(This song is from a band I briefly managed back in the ’80s).

I was listening to “The Charlie Rose Show” on my way into work for my Sunday shift, and he was interviewing investor Robert Altman about the state of the economy — you can watch the full interview here:

The line of questioning was simple:  it was just announced that GDP in the U.S. is at 3 percent, the stock market indicators are stronger than they have been in a long time, and the unemployment rate is officially at 4.1 percent — which means full employment.

Source: U.S. Bureau of Labor Statistics, November 5, 2017

So why are people still anxious about the economy, jobs, healthcare, the environment, and the like?  Altman has some good answers in that interview, but he also references a Stanford University economist, Raj Chetty, who studies income gaps, wage stagnation and the like. His organization, The Equality of Opportunity Project, has a lot of information on these topics and some solutions. The novelty of this project is that they are using “Big Data” to find pathways to greater economic mobility. All well and good, but will the political and business class listen?  In politics, compromise is a dirty word, polarization between the parties is sky-high, and because of gerrymandering, you’re seeing (mostly on the right) the most extreme candidates run and get voted into office.  Far right authoritarians in the GOP and news media are using Soviet-era propaganda techniques to keep their flock siloed and force-fed a steady diet of half-truths, full on lies, and distractions to keep them from understanding why, for example, a massive tax cut for rich folks won’t affect the upward mobility for those stuck in an economic limbo.
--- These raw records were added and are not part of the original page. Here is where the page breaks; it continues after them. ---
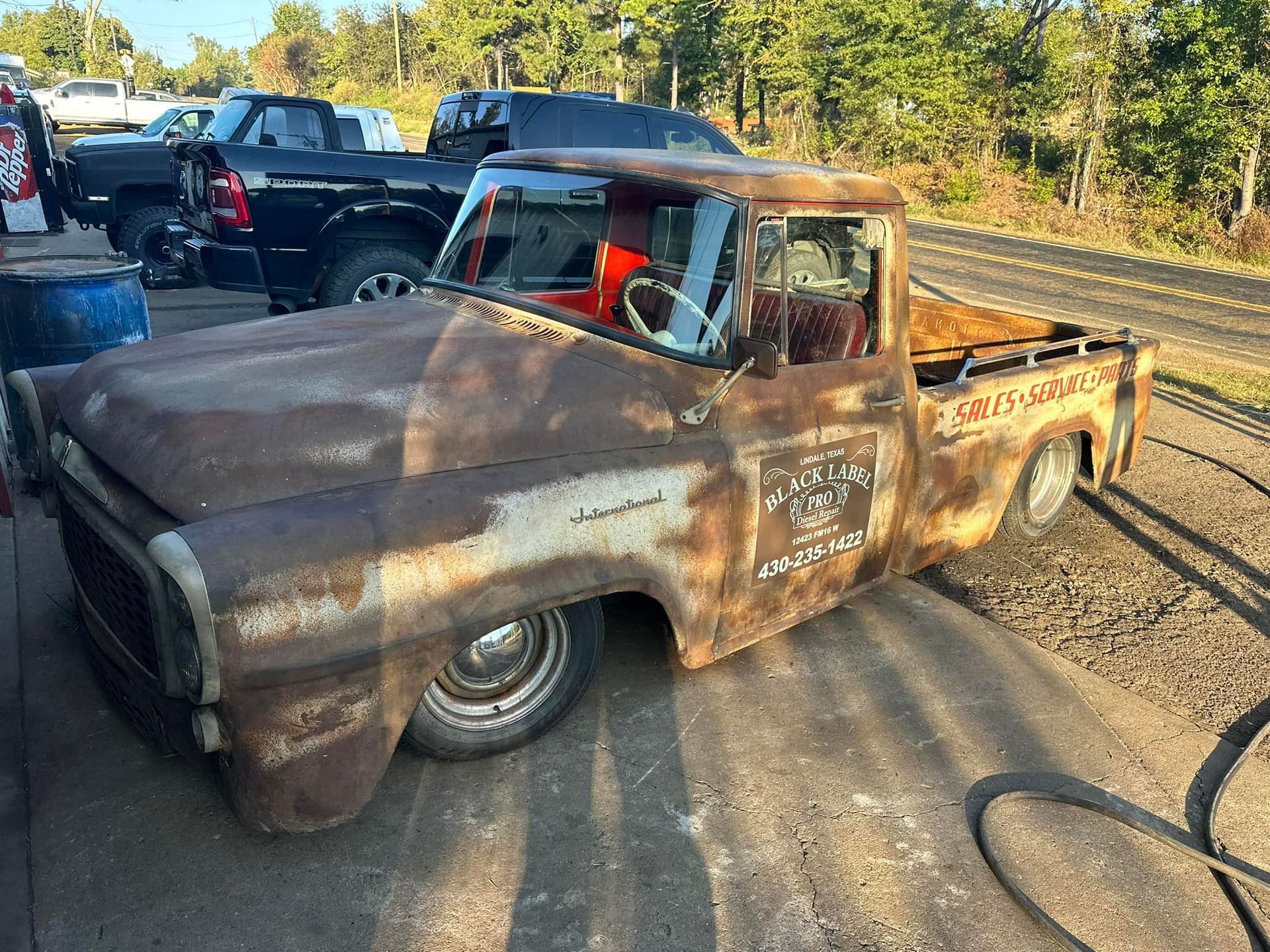 An old rusty truck is parked on the side of the road.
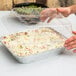 A person holding a tray of food with a foil lid.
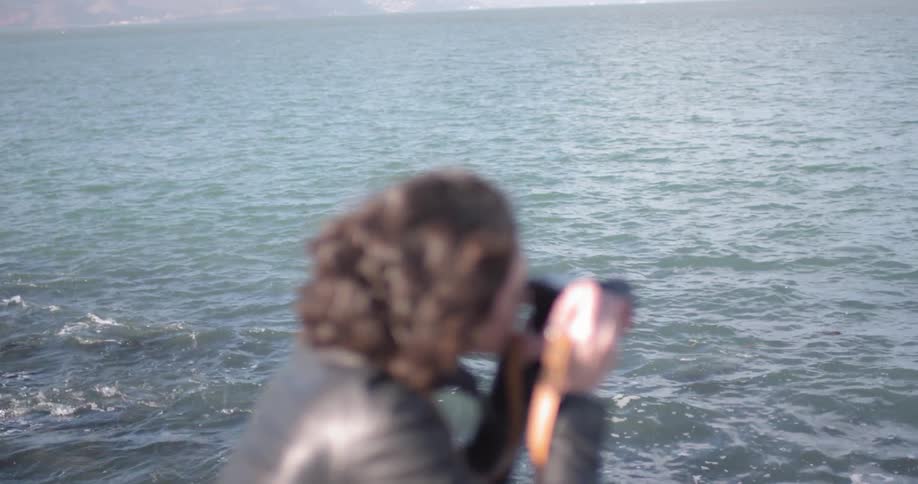 Woman takes pictures of the ocean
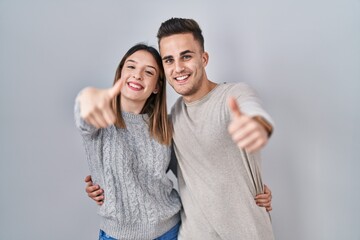 Young hispanic couple standing over white background approving doing positive gesture with hand,...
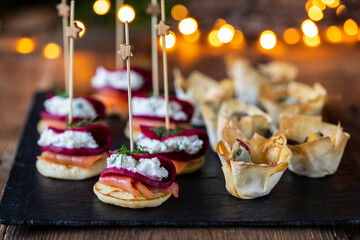 Christmas canapes with blinis with salmon, beetroot and goat cheese and filo pastry cups - obrazy, fototapety, plakaty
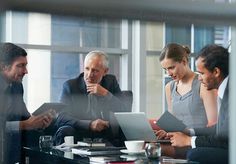 three people sitting at a table with laptops and papers in front of them, talking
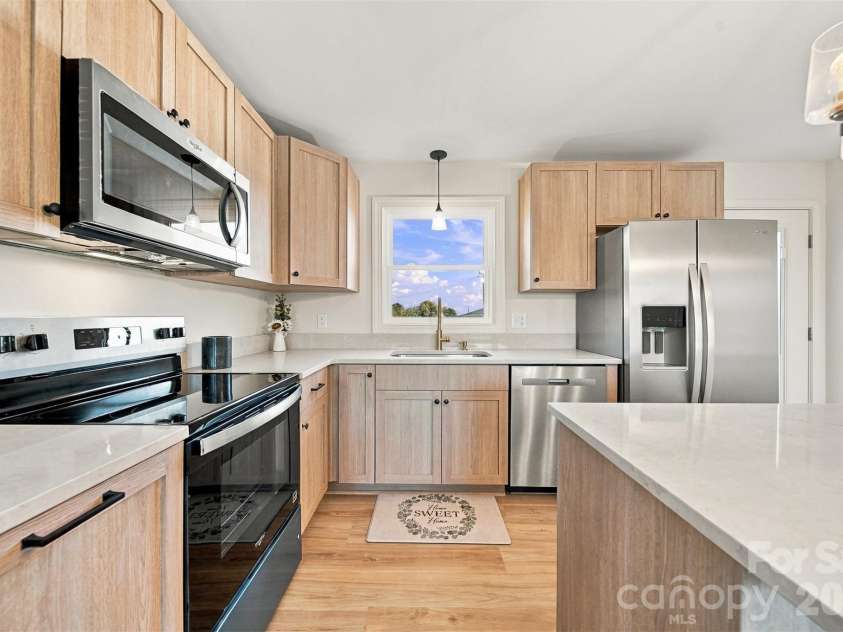 4176 Grace Chapel Road, Granite Falls, NC 28630.  MLS# CAR4436580, YatesRealty ID 58137. Easy close cabinets!
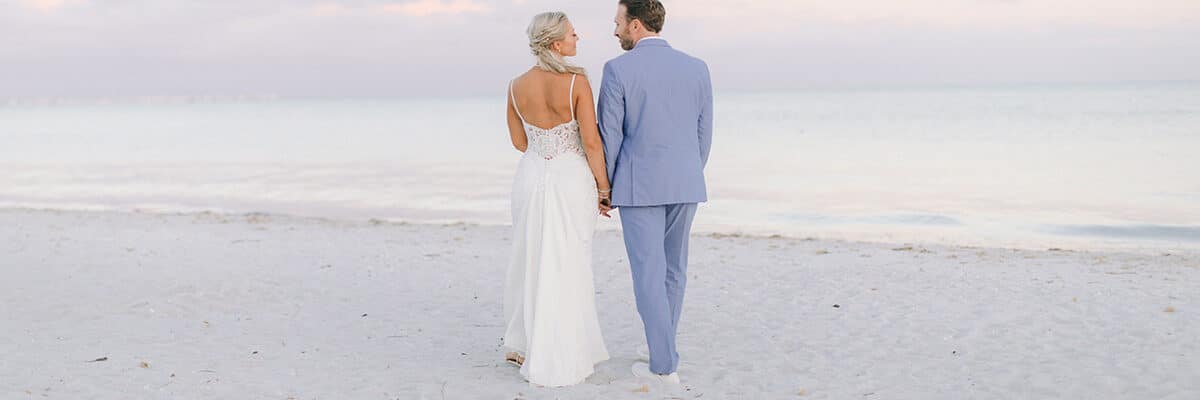 wedding portrait couple on beach pale colors sanibel island sundial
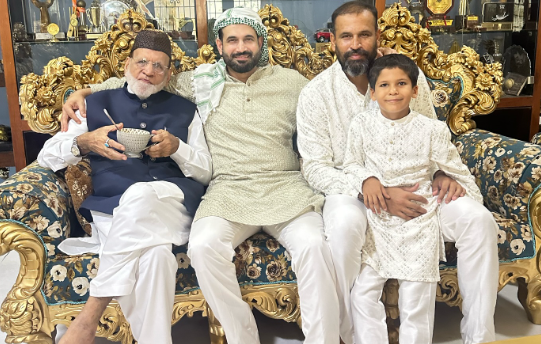 Irfan Pathan sitting on Sofa with his Father and Brother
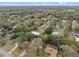 Aerial view showcasing a home nestled among trees, with additional buildings, offering a secluded living environment at 1134 Glenwood Rd, Deland, FL 32720
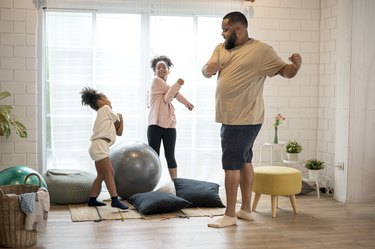 father and his two daughters exercising at home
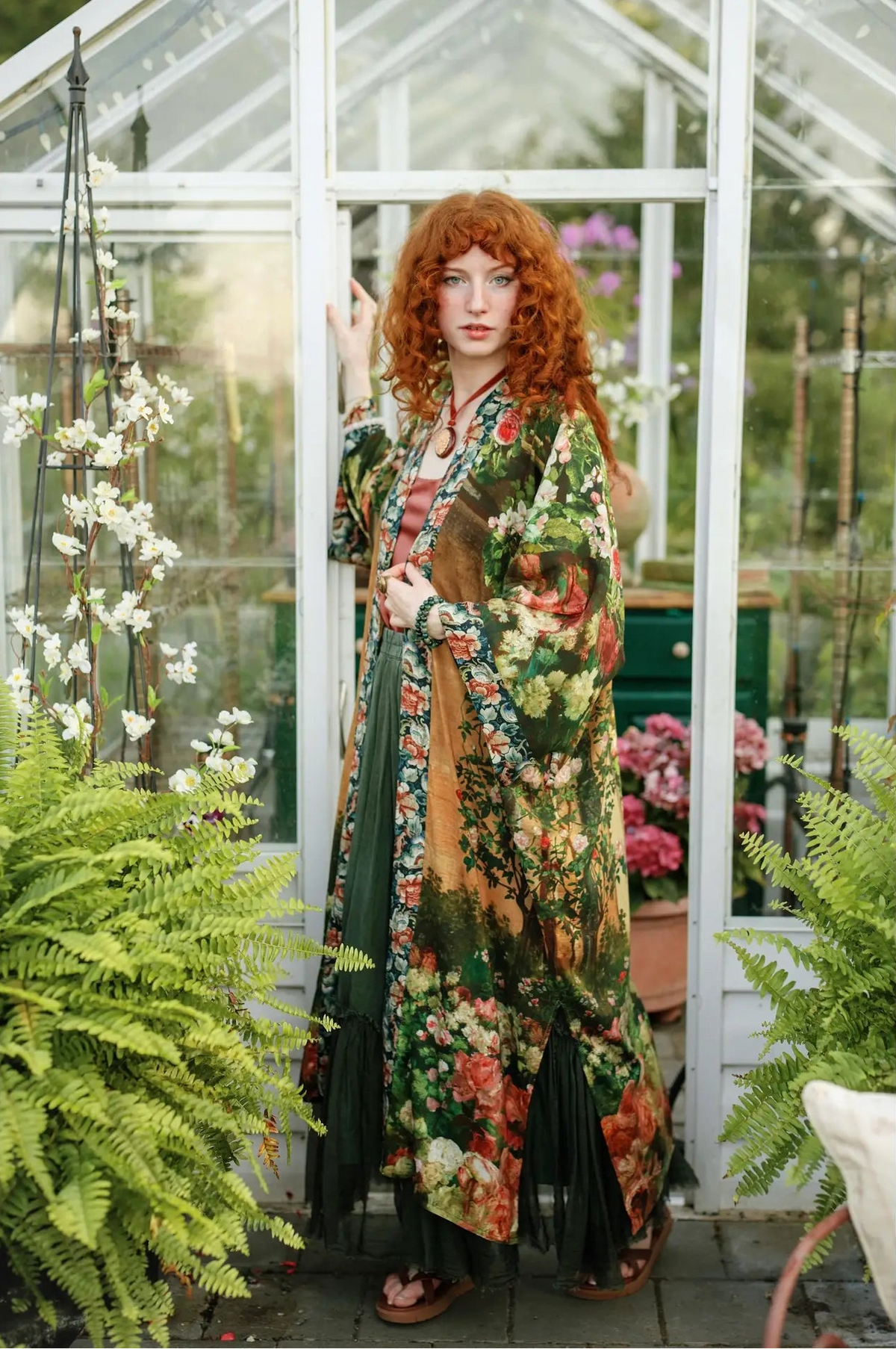 A woman with vibrant red hair stands in a greenhouse wearing a long-sleeved, bohemian-style floral kimono robe over a green dress. The robe features a dense multicolor floral pattern with green, orange, red, and yellow tones | Bliss by Cori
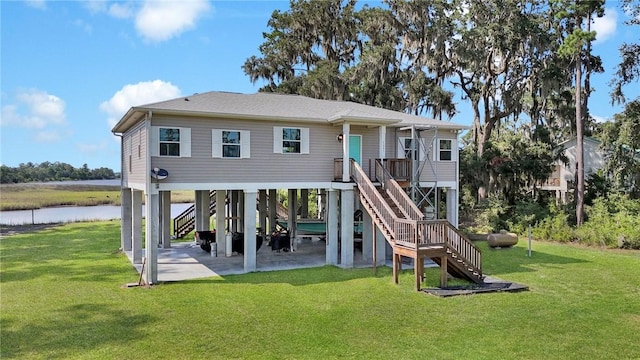 exterior space featuring a yard and a water view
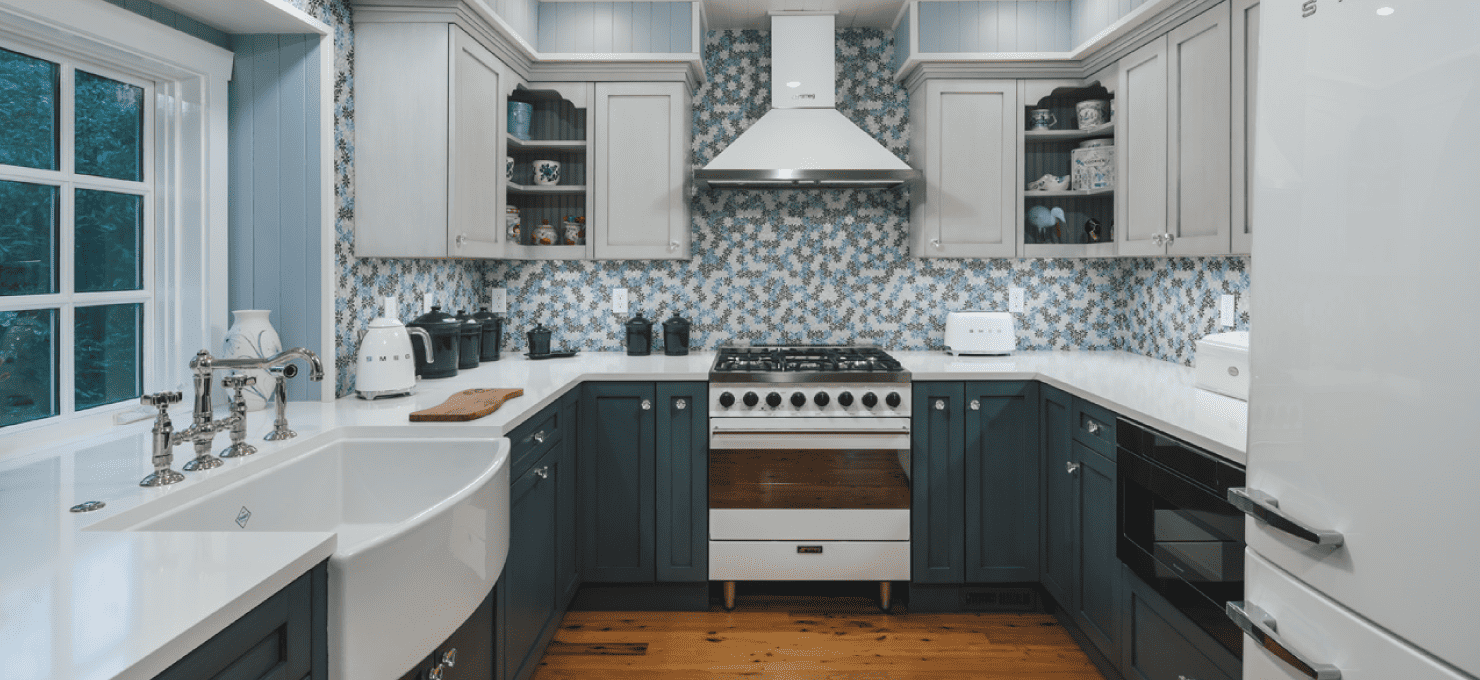 small kitchen with blue backsplash and blue cabinets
But it goes both ways — though, not equally.

There are many people who only want to believe that which gives them comfort, so they embrace said propaganda because it gives them a sense of “rightness” about their team.  In the center-left and left in the country there’s a vocal minority who are still battling the last presidential primary between Clinton and Sanders.  Their desire to see the rightness of their cause has made them narrowly focused on rigged primaries in 2016 and poor strategies in the general that they are not looking at getting people registered, getting out the vote, and winning special elections this year.

When you have a daily dose of all this rancor fed to us on social media, the traditional media, and just talking with people who are exasperated, it creates a heightened sense of anxiety. But it’s not just politics with the underlying evidence that members who put the current administration in office colluded with Russia on a number of levels or charges that Hillary Clinton’s campaign rigged the primaries in her favor with her deal to help the DNC get out of debt, it’s a sense that things are just not getting better.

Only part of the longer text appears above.